Recent work has developed optimization procedures to find token sequences, called adversarial triggers, which can elicit unsafe responses from aligned language models. These triggers are believed to be universally transferable, i.e., a trigger optimized on one model can jailbreak other models. In this paper, we concretely show that such adversarial triggers are not universal. We extensively investigate trigger transfer amongst 13 open models and observe inconsistent transfer. Our experiments further reveal a significant difference in robustness to adversarial triggers between models Aligned by Preference Optimization (APO) and models Aligned by Fine-Tuning (AFT). We find that APO models are extremely hard to jailbreak even when the trigger is optimized directly on the model.
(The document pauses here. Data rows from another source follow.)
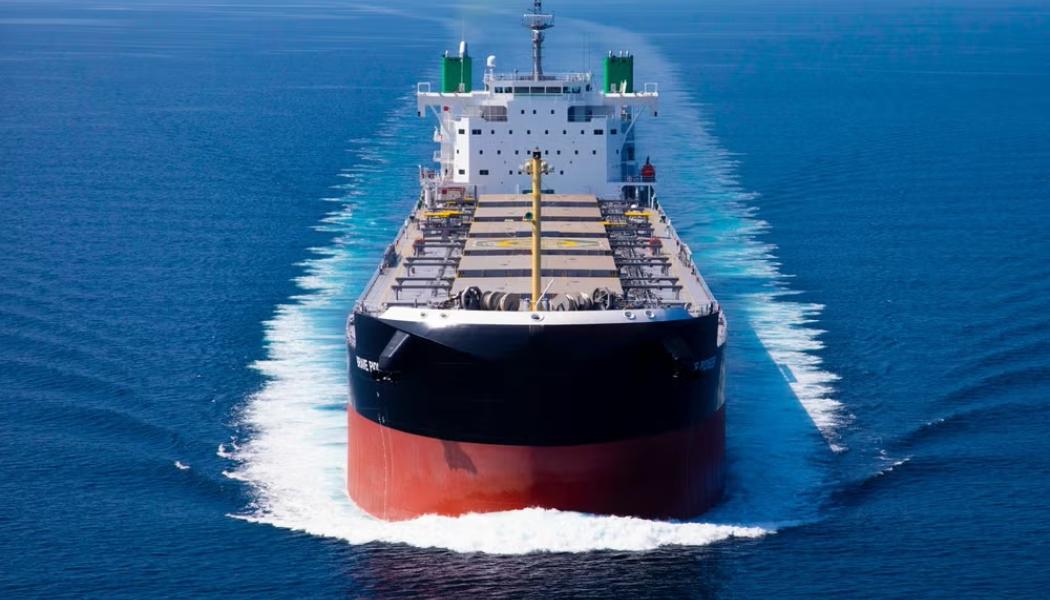 Bulkfartyget Brave Pioneer är världens första i sin storleksklass med tvåbränslemotor för metanol. Foto: Tsuneishi Shipbuilding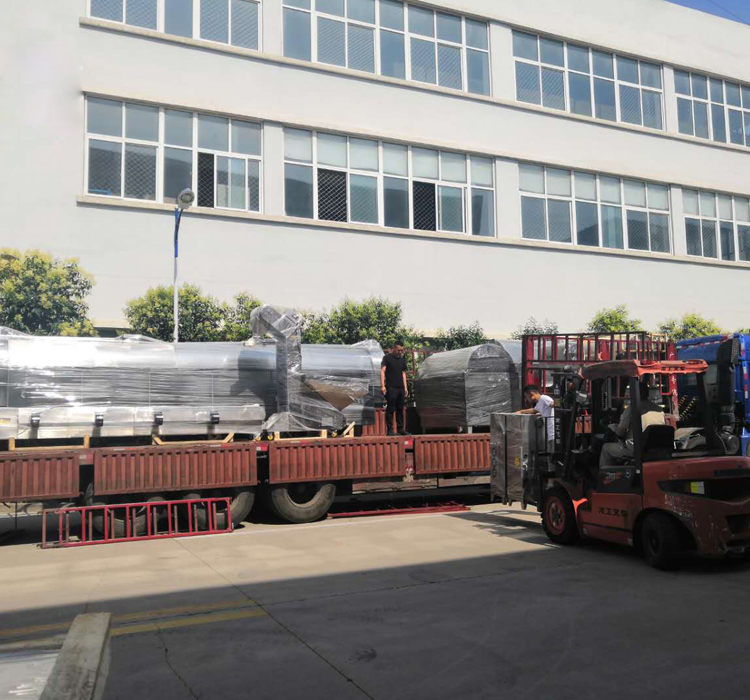 河北張家口趙總訂購的全套杏核加工炒貨設(shè)備13米專車發(fā)貨！
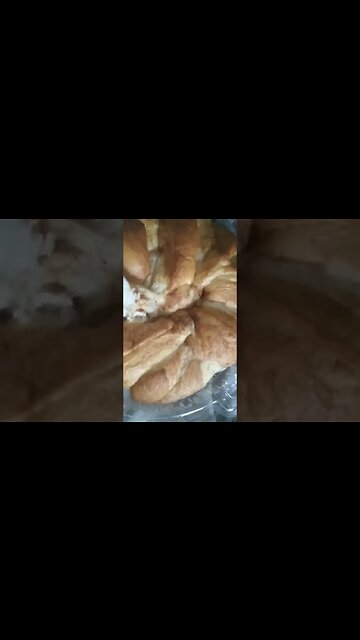 We buy Cinnamon Bread and Milky Cake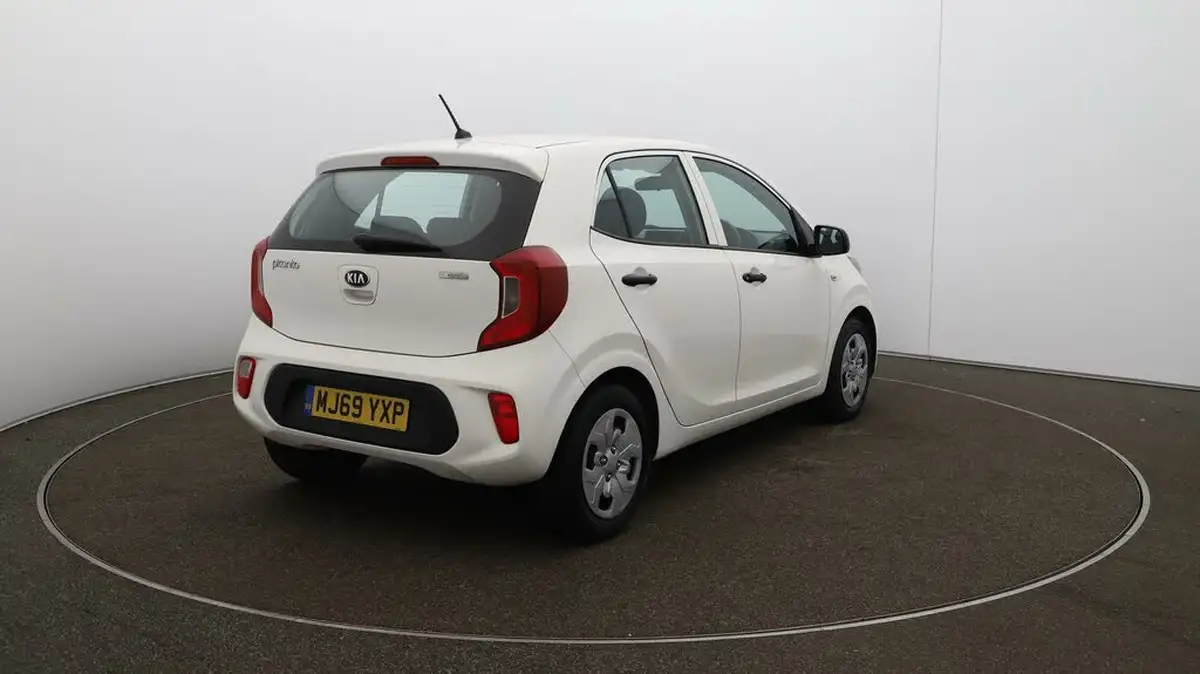 2020-kia-picanto-10-1-isg-adap-4-seats-big-7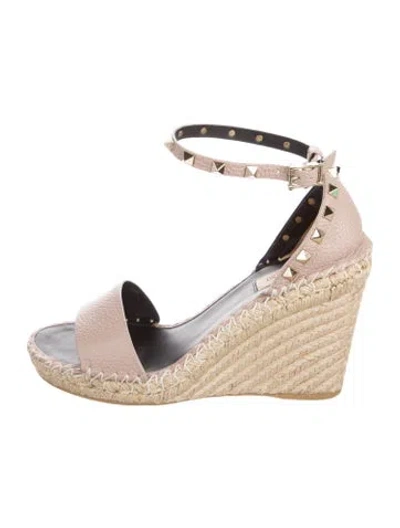 Pre-owned Valentino Garavani Leather Studded Accents Espadrilles In Neutral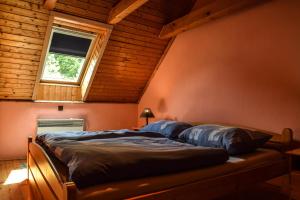 um quarto com 2 camas num quarto com uma janela em Stara Horaren 2 em Dobsiná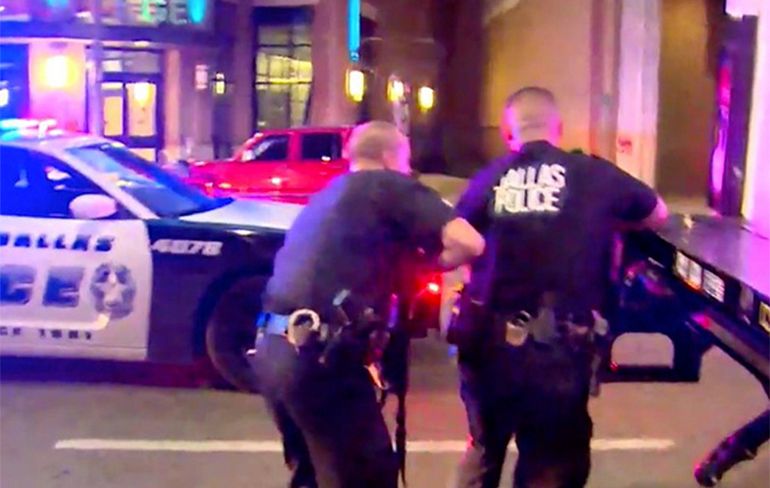 Betoging tegen politiegeweld in Dallas: Vijf agenten doodgeschoten
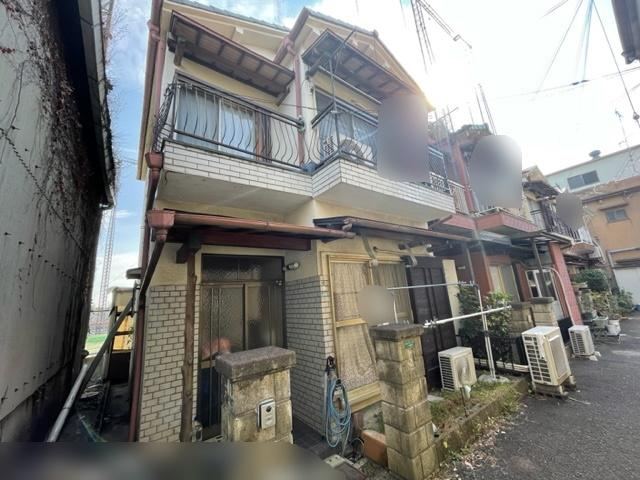 Family-Friendly 4DK House Near Park in Hirakata - Photo 1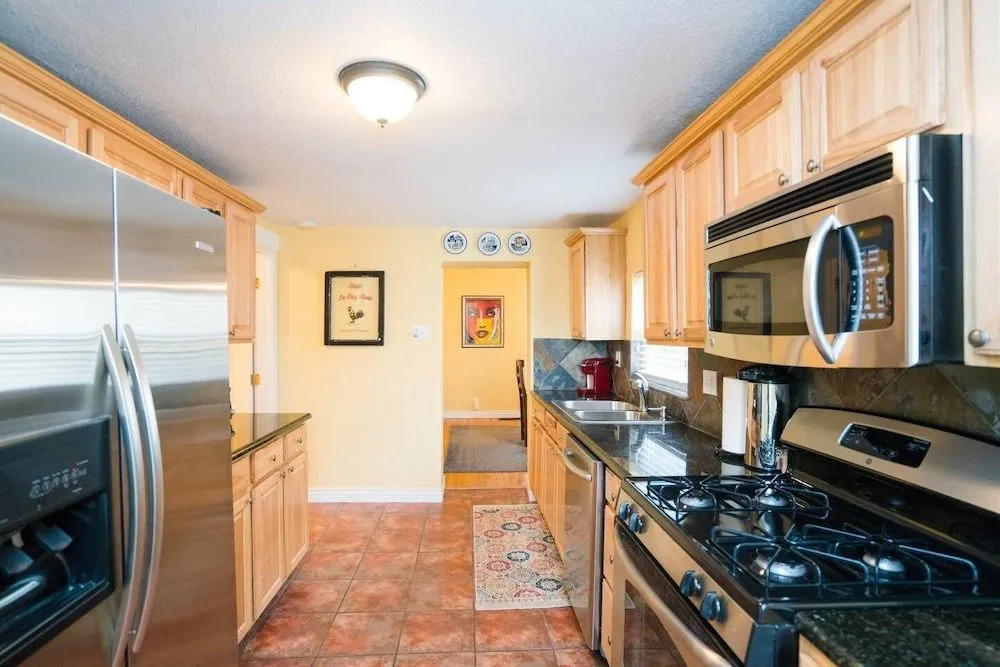 Artisan Victorian Spacious Backyard Great Location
On the other hand, while AFT models may appear safe on the surface, exhibiting refusals to a range of unsafe instructions, we show that they are highly susceptible to adversarial triggers. Lastly, we observe that most triggers optimized on AFT models also generalize to new unsafe instructions from five diverse domains, further emphasizing their vulnerability. Overall, our work highlights the need for more comprehensive safety evaluations for aligned language models.
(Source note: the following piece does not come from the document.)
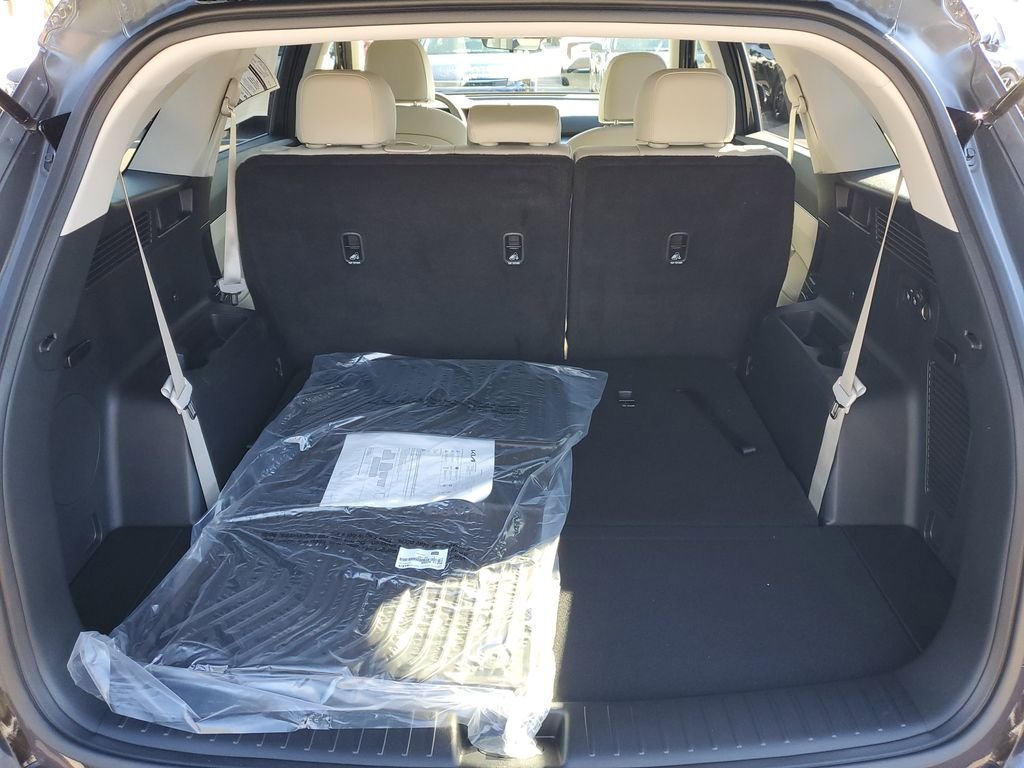 New 2026 Kia Sorento S w/ S Panoramic Sunroof Package FWD image 14
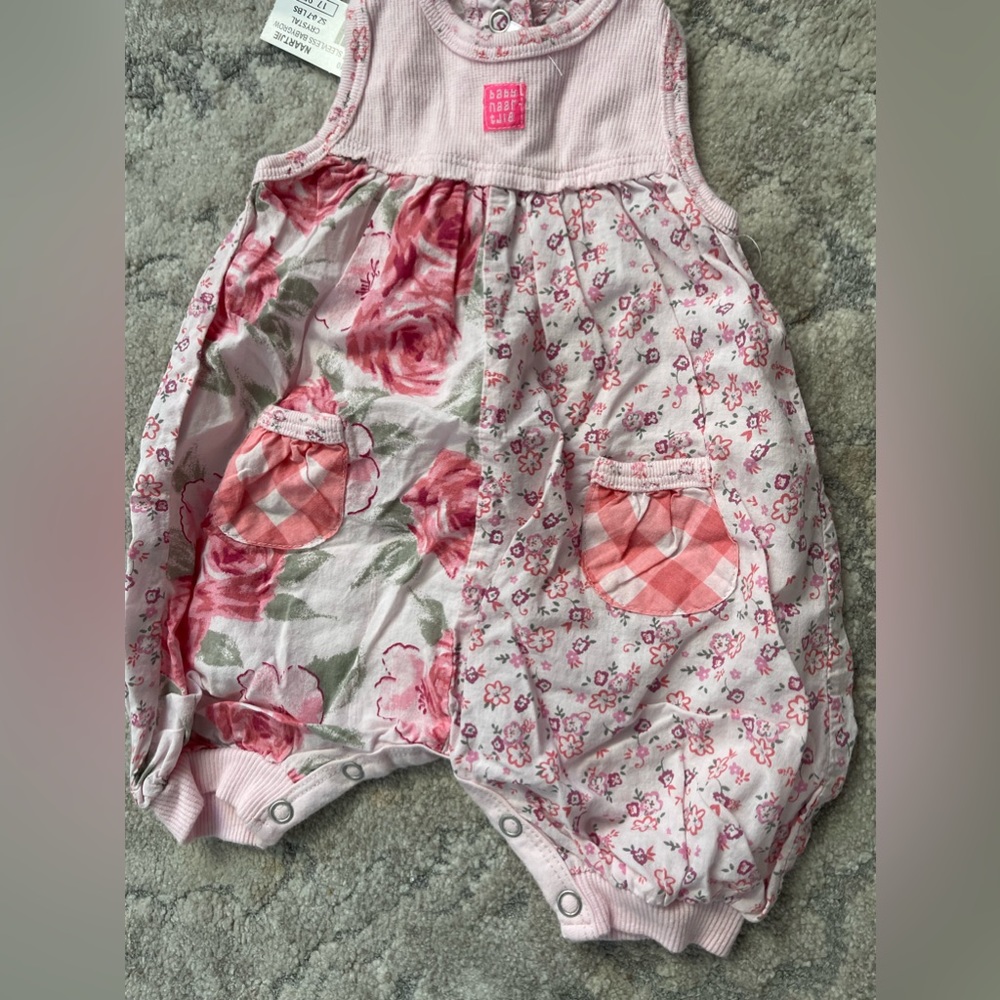 NWT Naartije one piece Newborn 0-7lbs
翻译：近期研究开发了寻找令牌序列的优化方法，这些序列被称为对抗触发器，能够诱导经过对齐的语言模型产生不安全响应。这些触发器被认为具有通用可迁移性，即针对某个模型优化的触发器可以破解其他模型。本文具体论证了此类对抗触发器并非真正通用。我们对13个开源模型间的触发器迁移进行了广泛研究，观察到不一致的迁移现象。实验进一步揭示了通过偏好优化对齐的模型（APO）与通过微调对齐的模型（AFT）在对抗触发器鲁棒性方面存在显著差异。我们发现APO模型极难被破解，即使直接针对该模型优化触发器也难以奏效。另一方面，虽然AFT模型表面看似安全——能拒绝一系列不安全指令，但实验表明它们对对抗触发器高度敏感。最后，我们观察到大多数针对AFT模型优化的触发器也能泛化到来自五个不同领域的新不安全指令，进一步凸显了其脆弱性。总体而言，本研究强调了需要对经过对齐的语言模型进行更全面的安全性评估。